Of the two fundamental postures at work in the making of the photographic image, the first is the one that reveals photography as a passive vehicle for recording and signifying. Calling upon photography’s metonymical force, this first operation causes the reading of the image to be immediately oriented toward its referent, toward the seized fragment of reality. As a consequence, the photographic image simulates the what-has-been (ça-a-été, Barthes), while dissimulating the constructed effort at the origin of its revelation. Adopting this particular method, photography is thus able to reconstitute the illusion of an already-constituted real, of a real that would not have been constructed had it not been startled by the lens. Therefore, in spite of the lack-of-being that constitutes its very essence, the photographic image drastically pretends to be.

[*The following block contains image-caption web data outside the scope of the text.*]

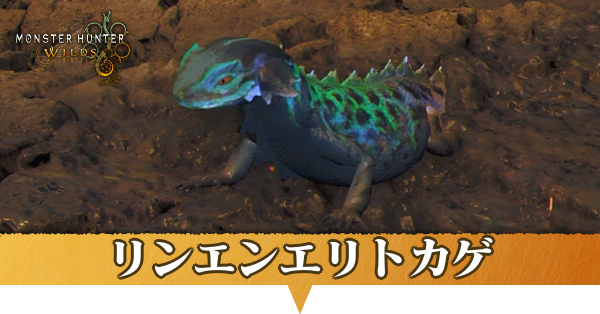 リンエンエリトカゲはどこにいる？捕獲方法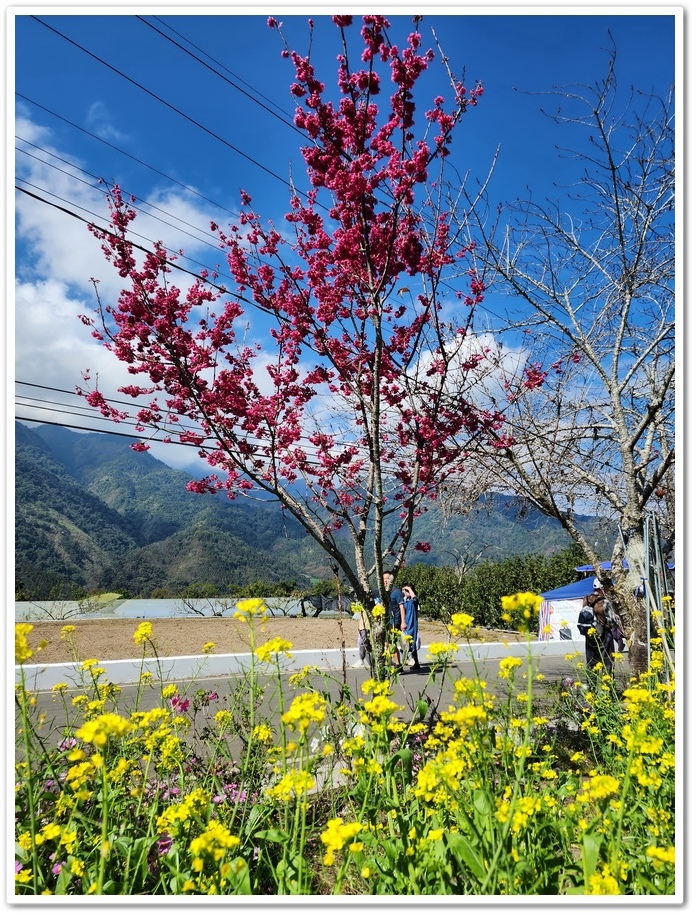 南投信義鄉《草坪頭玉山觀光茶園》2024紅色河津櫻、雪白李花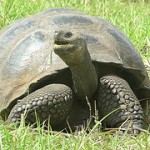 ガラパゴスゾウガメ ガラパゴスゾウガメ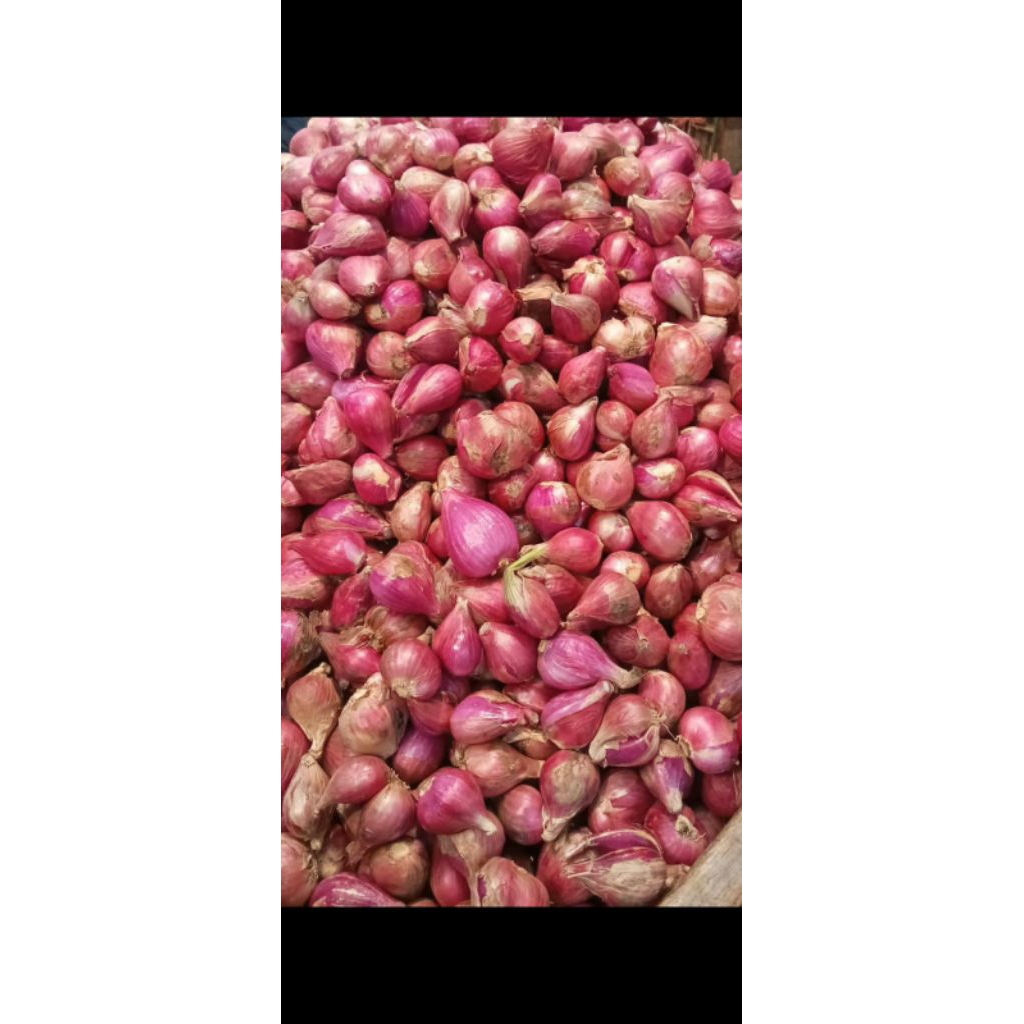 

BAWANG MERAH SUPER BESAR 500gr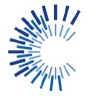 CFO Solutions logo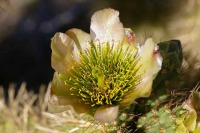Cylindropuntia fosbergii, Mr. Sullivan
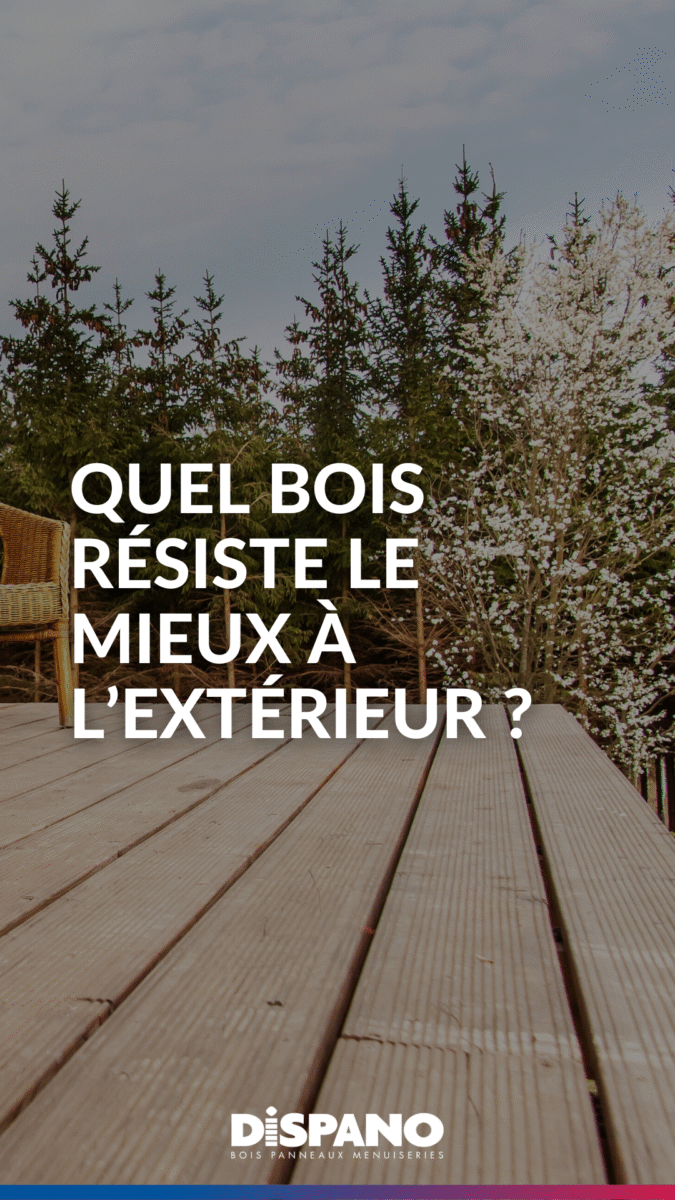 Traitement bois humidité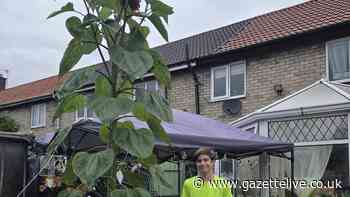 'It's like The Day of the Triffids': Billingham youngster grows sunflower over 11ft tall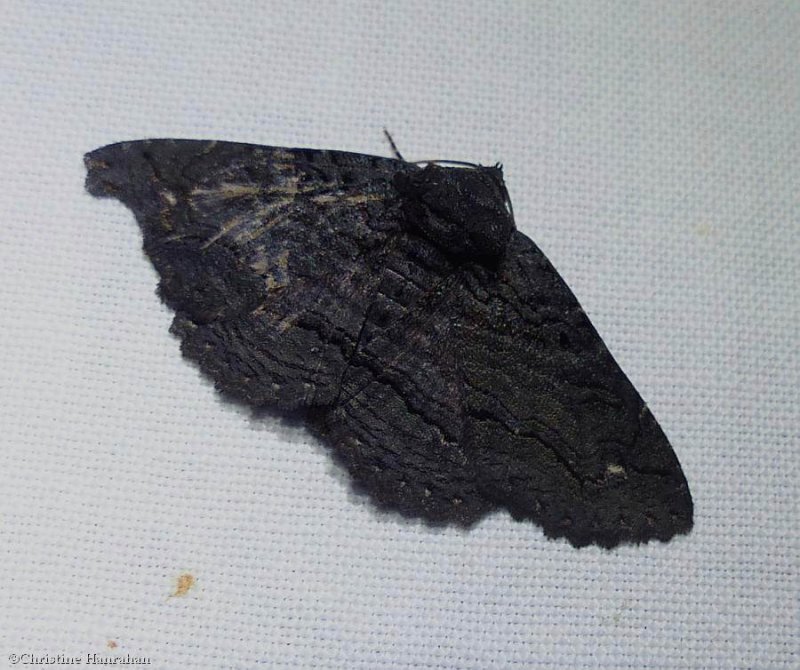 Black zale moth (<em>Zale undularis</em>), #8695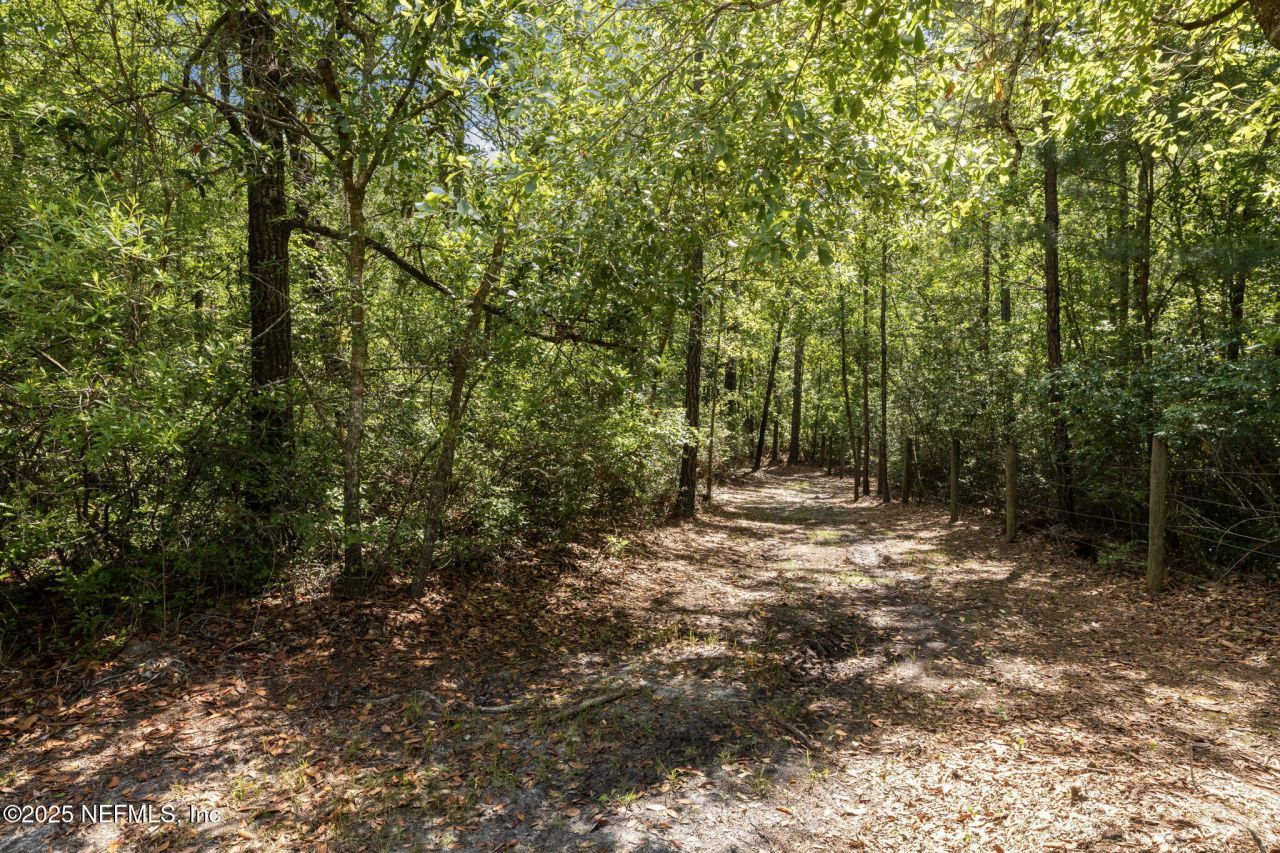 455 County Road 217, Jacksonville, FL 32234 Photo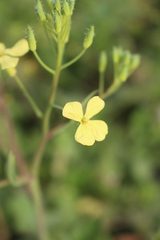 Raphanus raphanistrum landra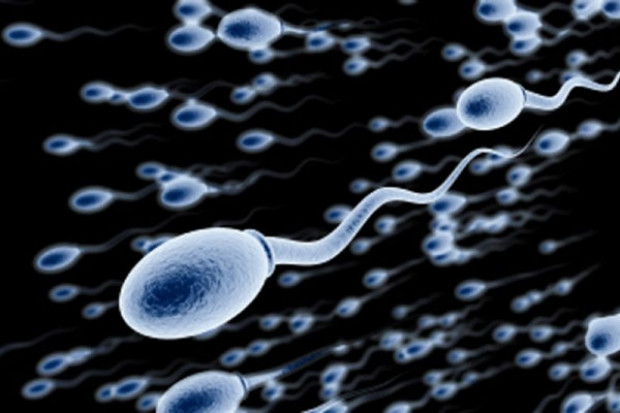 İnsan derisini hücrelerini sperm ve yumurtaya çevirdiler - Page 3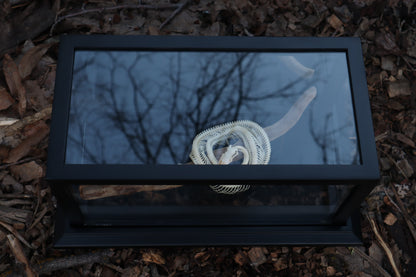 Baby Ball Python Articulation in Glass Display Case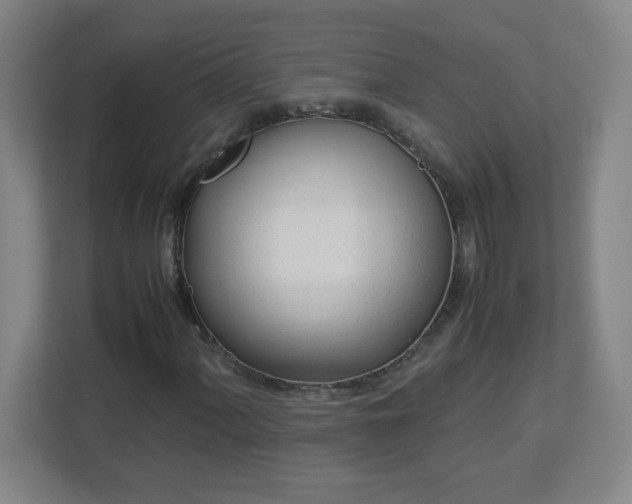 X0000113041060200909031307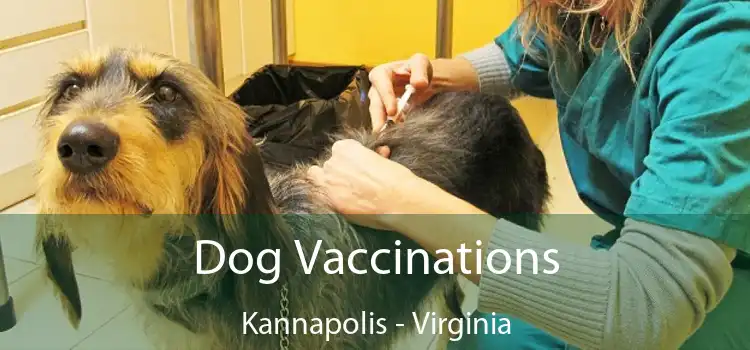 Dog Vaccinations Kannapolis - Virginia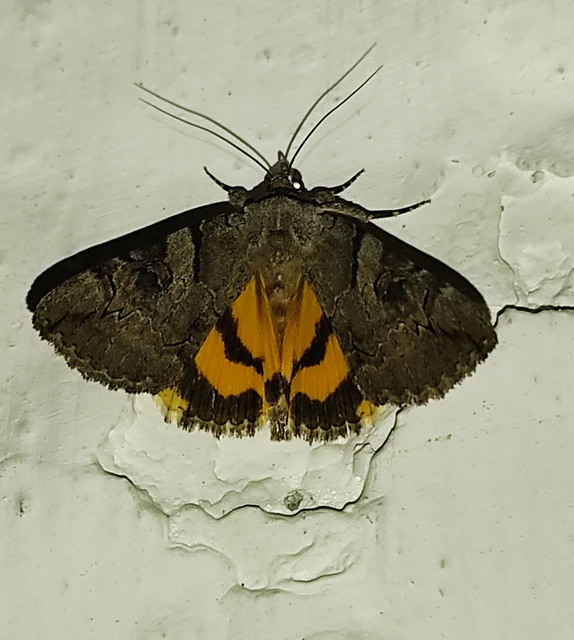 Catocala hymenaea - kökény-övesbagoly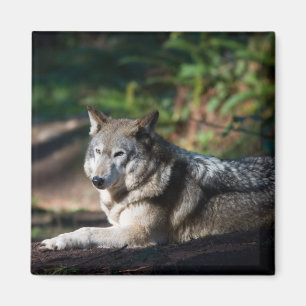 Imán Lobo gris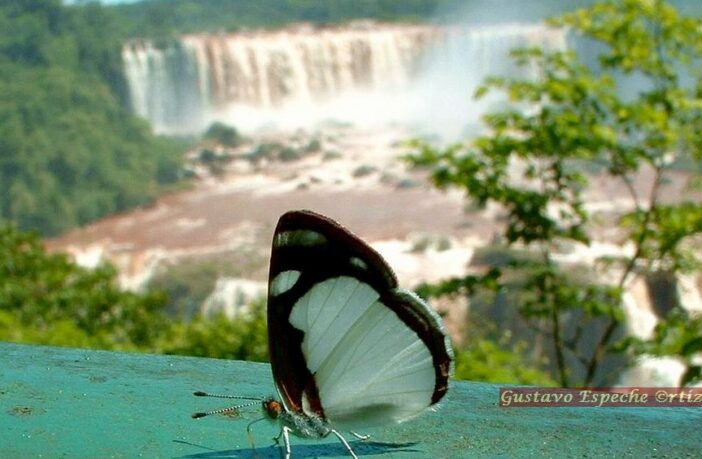 Cataratas del Iguazú: Maravilla Natural del Mundo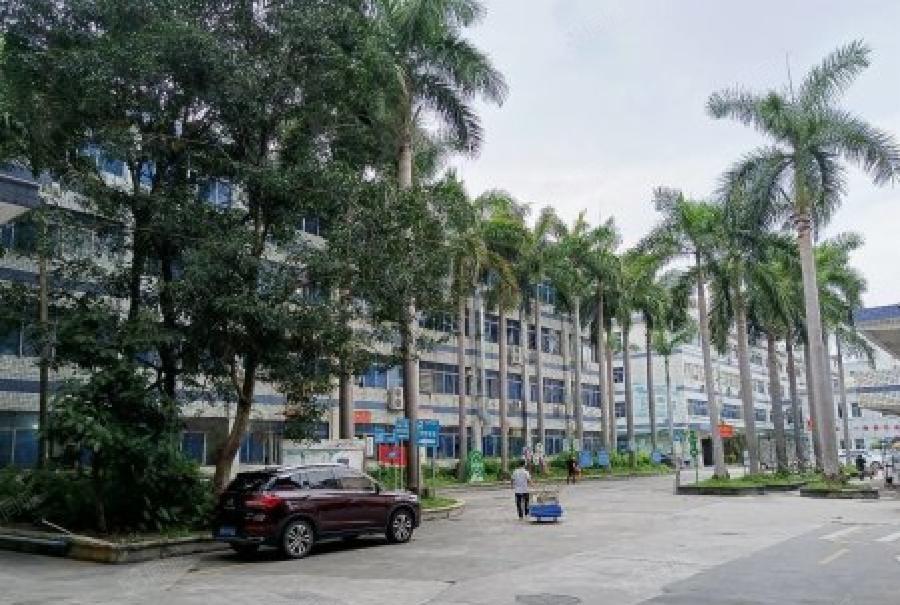 空地超大石岩新空出原房东园区厂房一楼380平出租形象好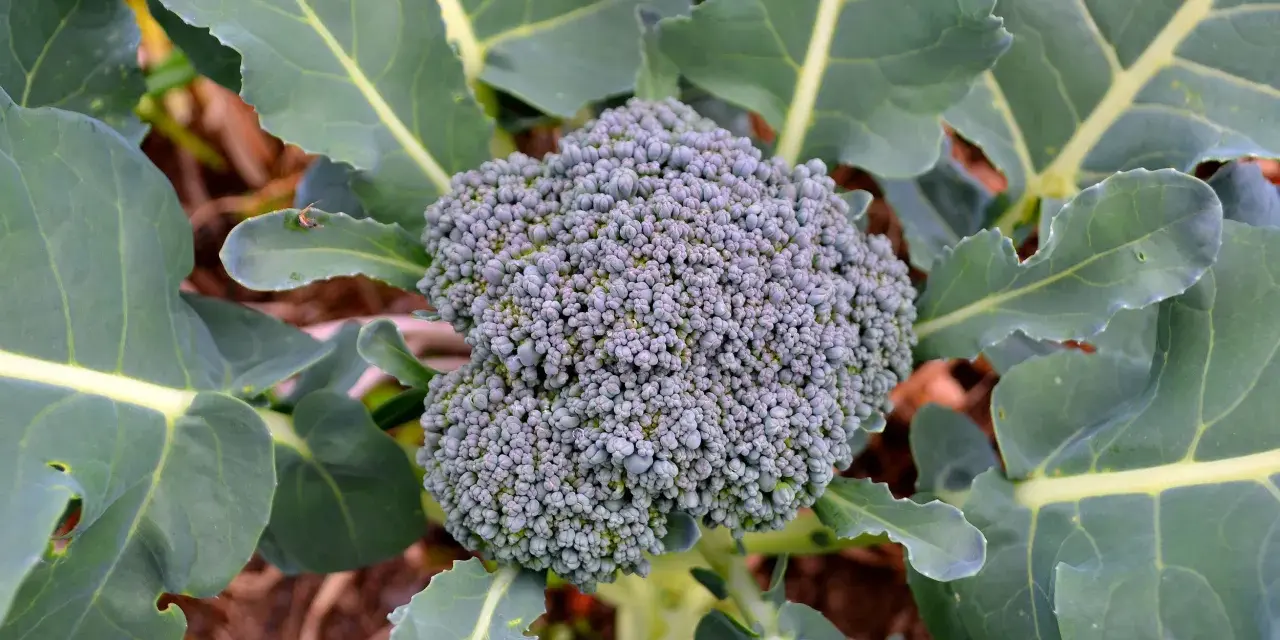 En frodig broccolihuvud omgiven av stora gröna blad. En vacker syn för alla som vill odla broccoli.
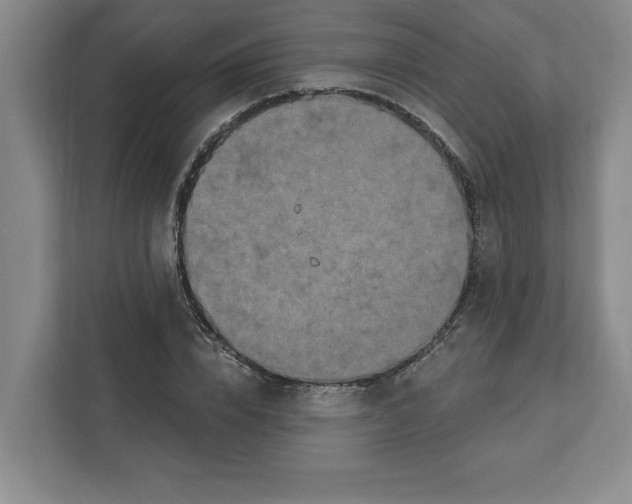 X0000112350832200909101041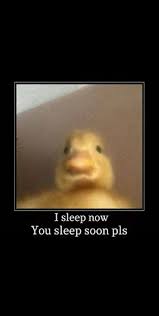 Expanding brain template meme generator. 230 Babi Ideas Cute Memes Wholesome Memes Reaction Pictures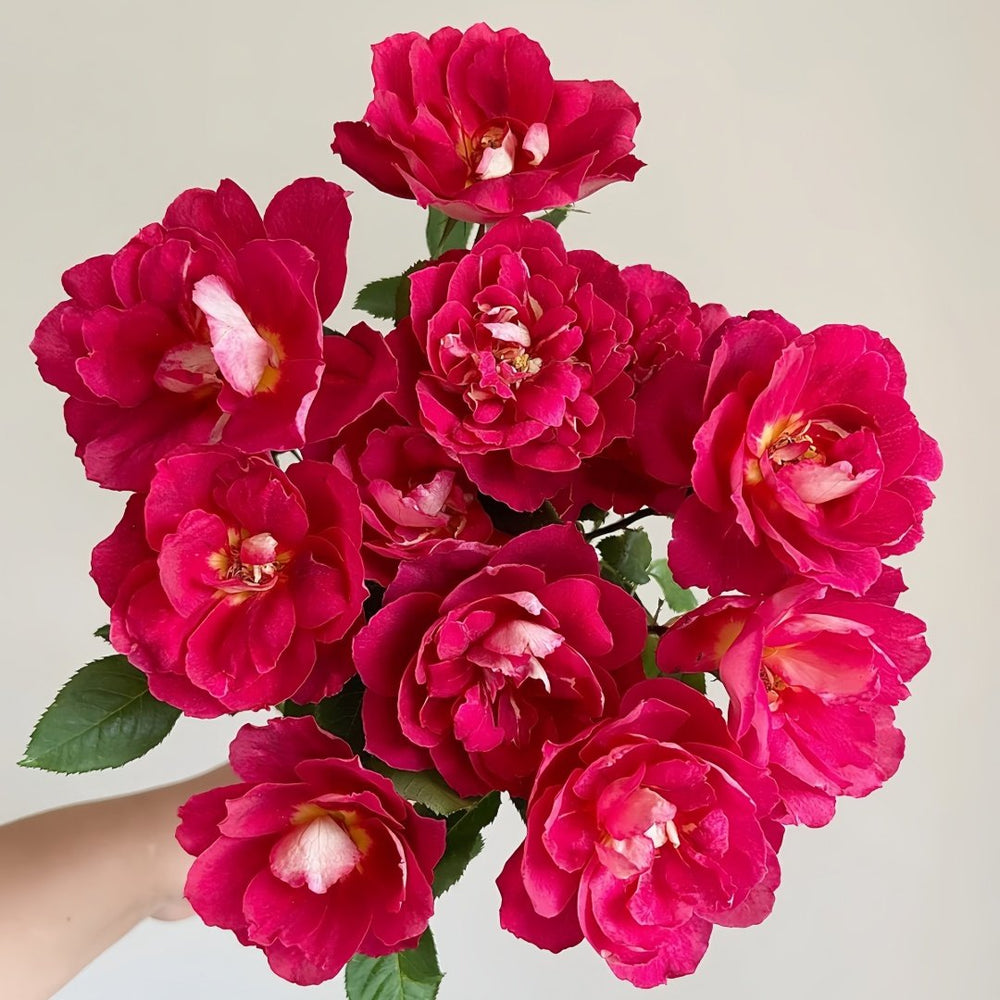 Dominique Massad Rose Plant|马萨德医生 image 0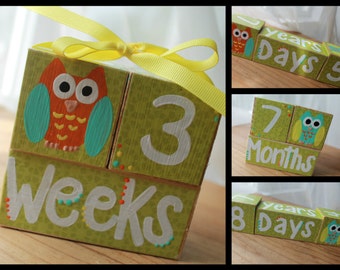 Baby Age Blocks- Baby Photo Blocks- Owl Theme Growth Block- Day- Month- Year- Baby Milestone Block- Baby Shower Gift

Then there is this other posture that accumulates threatening gestures – manipulations, cuts, super-impositions, maskings. With regard to photography as imprint, this method calls an excess of attention to photography’s lack-of-being. In this perspective, the photographic image would appear to be the residue of a trial of fabrication, bringing into sight the tensions and distortions between the photographic sign and its referent. Wishing to substitute a construction for an imprint, this second posture seeks above all to rid itself of the indicial character proper to the photographic tradition. It becomes a threat to evocative power, to the truth of time adhering to the grasped fragment of reality. It liberates itself in order to reinstate a visual reality that is no more than a condensed product of procedures of selection, transformation, interposition and distortion. Consequently, the photographic here (the photographic image as seen during its exhibition) slips away after having been worked on in the aftermath of its taking – the referent’s there.
Sylvie Readman’s photographic trial fully embraces this last approach. It is by pointing out, by means of constructed photographic images, the presuppositions or assumptions underlying the practice of photography that she is able to deviate the regard – the spectatorial consciousness (Barthes) – fascinated with the apparent objectivity of the photographic image.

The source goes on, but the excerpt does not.